My mother took that camera everywhere — to family holidays, birthday parties, ballet recitals and choir performances at church. It was there when my sister and I put on our own dance “performances” in the living room, or when we played on our swing set in the yard. But somehow, those VHS videos disappeared over the years. The family slideshow and old home movie nights at my grandparents’ stopped around the time I was in college.

I never realized how much I missed them — until last weekend. My mother, while cleaning out some bookshelves, unearthed a dusty box of VHS tapes. My husband hooked up the old tape player — and my 1987 self came to life on my mother’s flat-screen TV.

Last weekend, I curled up on the couch with my 85-year-old grandmother as we watched her and my grandfather’s 35th wedding anniversary party — so many of those people, including my grandfather, are gone now. My kids surrounded the TV to watch me and my sister sing and dance at age 6 and 2, much the way that my own girls do at home now.

My youngest daughter pointed at my sister on the screen and called out her cousin’s name, thinking the toddler on the TV was my niece instead.

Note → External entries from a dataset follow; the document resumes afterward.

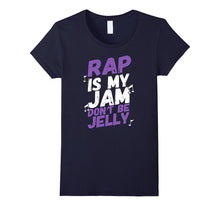 Rap Is My Jam Don't Be Jelly T-Shirt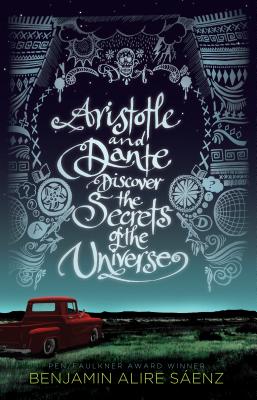 Aristotle and Dante Discover the Secrets of the Universe - Benjamin Alire Saaenz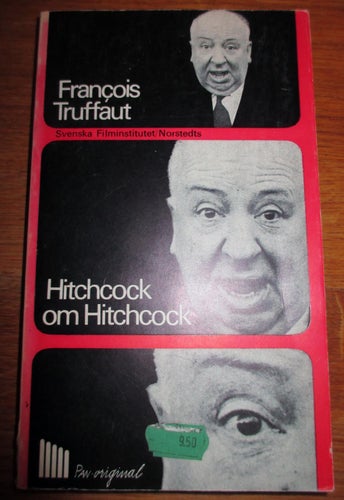 Alfred Hitchcock, Francois Truffáut, Hitchcock om Hitchcock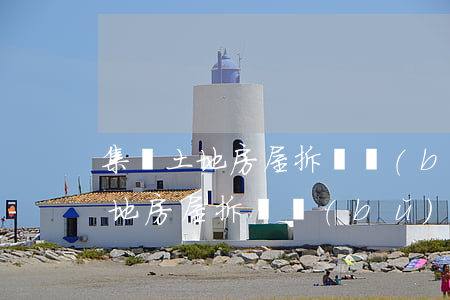 集體土地房屋拆遷補(bǔ)償(溧水集體土地房屋拆遷補(bǔ)償)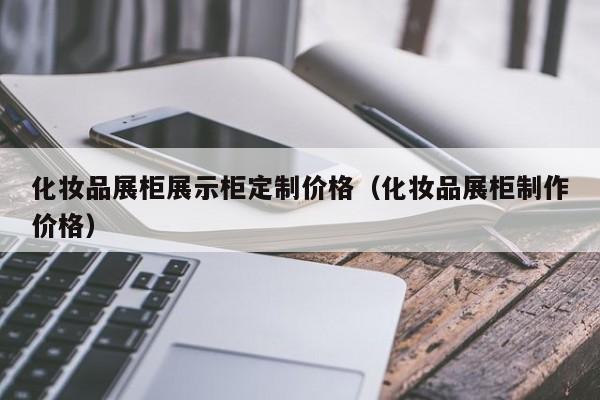 化妆品展柜展示柜定制价格（化妆品展柜制作价格）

When I heard my own 6-year-old voice on the video, it didn’t sound like me. Instead, it was very much the voice of my oldest daughter’s. As I watched myself on screen, I realized that I see those mannerisms every day, only in a different kid. I was watching myself as a child on screen, but in a way, I was watching my 7-year-old daughter — the apple didn’t fall too far from this tree.

We stayed up until almost midnight watching those old home videos, long after the kids had been put to bed. In a way, it was like walking through the home where I spent half my childhood again, seeing the family pets that have been long gone. It allowed me to see my grandparent’s house once more, the home that was the center of our family for so many decades. It allowed me to hear by grandfather’s voice again, a man I still very much miss.

It was a glimpse into what my life used to be like, only this time I got to share it with my own young kids. It was a reminder that while life changes, there are some things that very much remain the same.